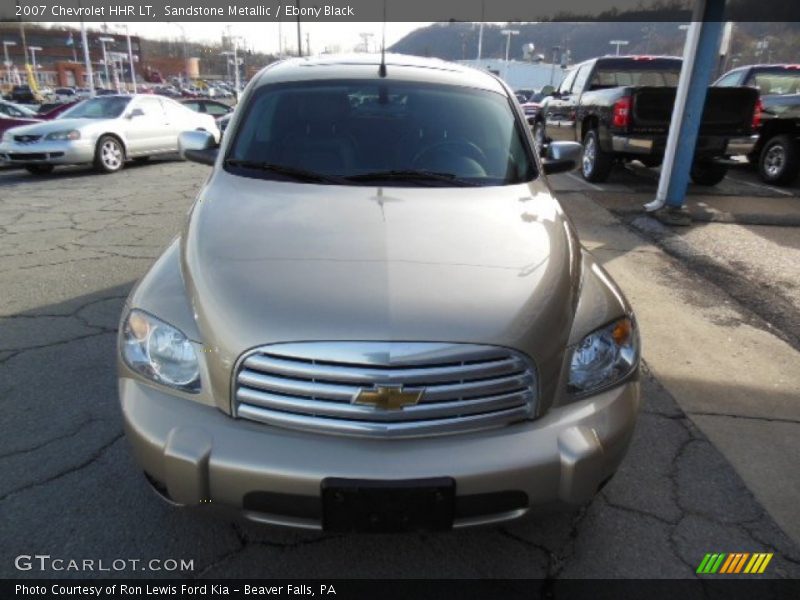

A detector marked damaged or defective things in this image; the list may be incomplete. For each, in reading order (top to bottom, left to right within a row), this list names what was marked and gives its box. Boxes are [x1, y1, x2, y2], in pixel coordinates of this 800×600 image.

cracked asphalt [1, 162, 800, 580]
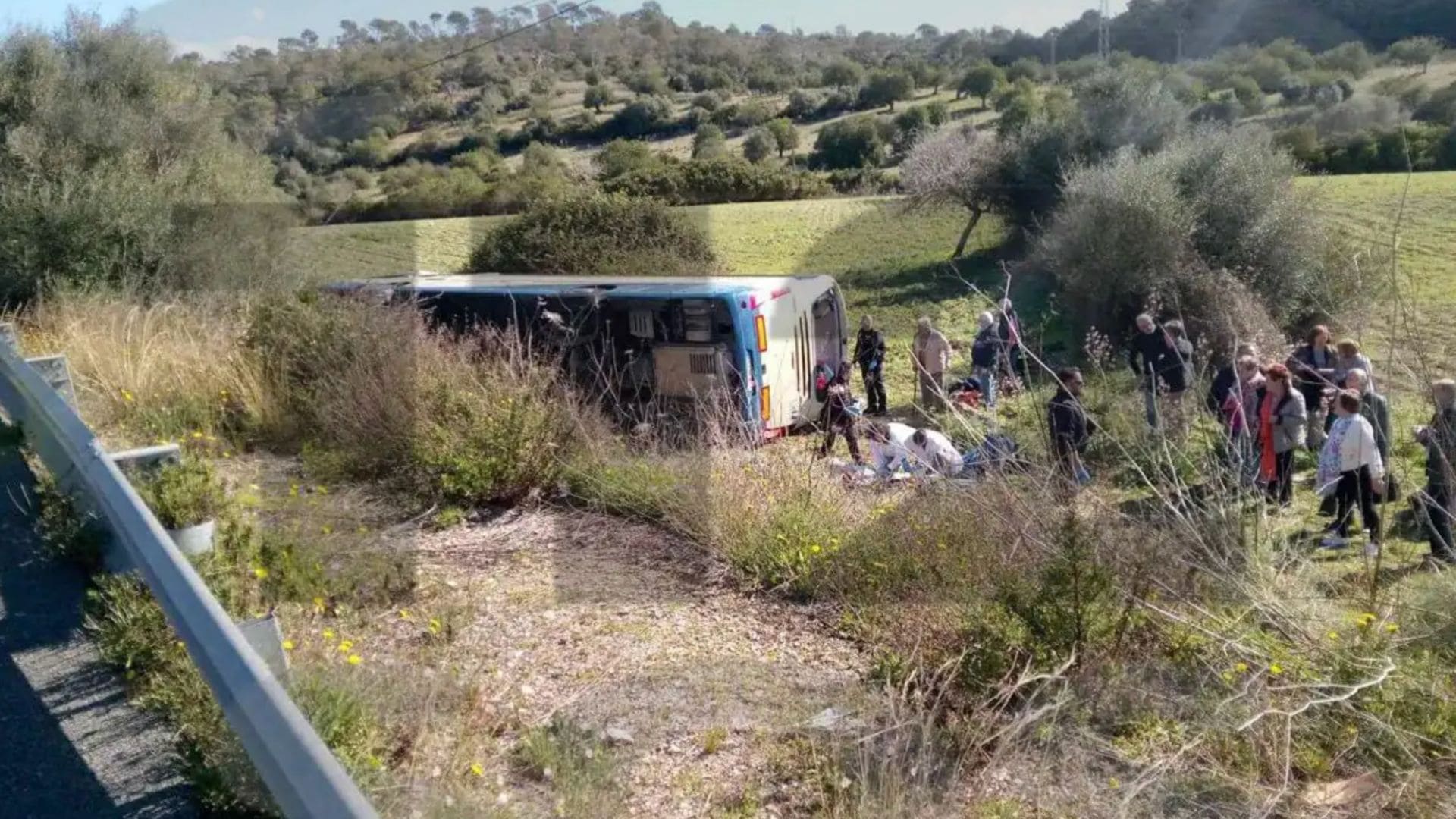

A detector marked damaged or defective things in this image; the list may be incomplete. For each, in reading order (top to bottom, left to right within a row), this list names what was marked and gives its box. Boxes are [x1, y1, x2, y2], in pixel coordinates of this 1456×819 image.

overturned bus [333, 272, 850, 440]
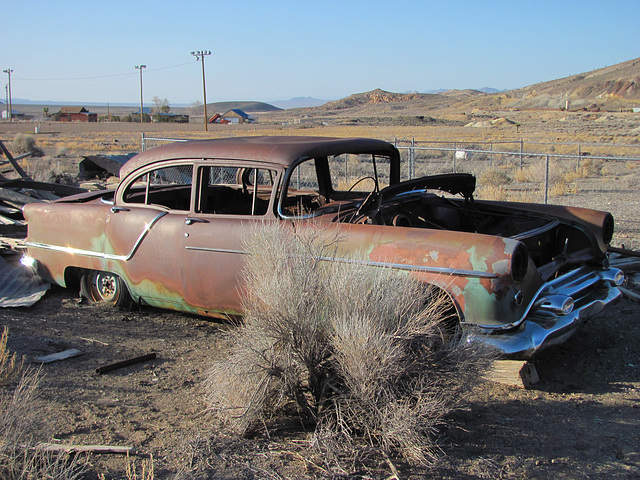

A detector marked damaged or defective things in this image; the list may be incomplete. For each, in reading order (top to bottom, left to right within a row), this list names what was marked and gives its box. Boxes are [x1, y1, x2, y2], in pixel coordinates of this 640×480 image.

rusty abandoned car [22, 135, 624, 356]
rusted car frame [22, 137, 624, 358]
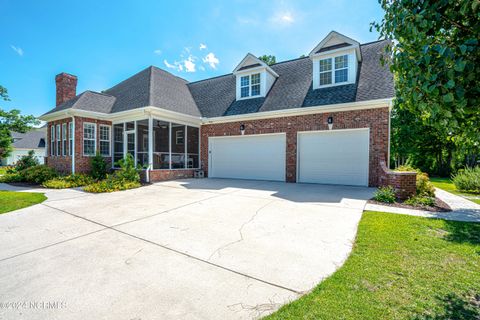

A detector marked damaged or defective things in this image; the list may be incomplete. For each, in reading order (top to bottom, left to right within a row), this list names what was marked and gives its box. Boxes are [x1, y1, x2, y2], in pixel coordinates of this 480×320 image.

▶ _What you should do_: Write out, exactly as they stand, the line with "this 640×480 image." and every line after it through the end of the entries above; omit the pictures.

▶ _Result of this exercise_:
A detector marked damaged or defective things in this image; the list may be incomplete. For each, in reading order (top to bottom, left to right within a row), this list names what was marked and gives its box. Boxes are [x1, y1, x2, y2], in pixel coordinates of this 640×480 image.

rusty abandoned car [22, 135, 624, 356]
rusted car frame [22, 137, 624, 358]

A detector marked damaged or defective things in this image; the list may be incomplete. For each, in reading order (top to bottom, left to right within a row), this list names what was marked and gives its box. Boxes are [x1, y1, x2, y2], in pixel coordinates of this 480×320 image.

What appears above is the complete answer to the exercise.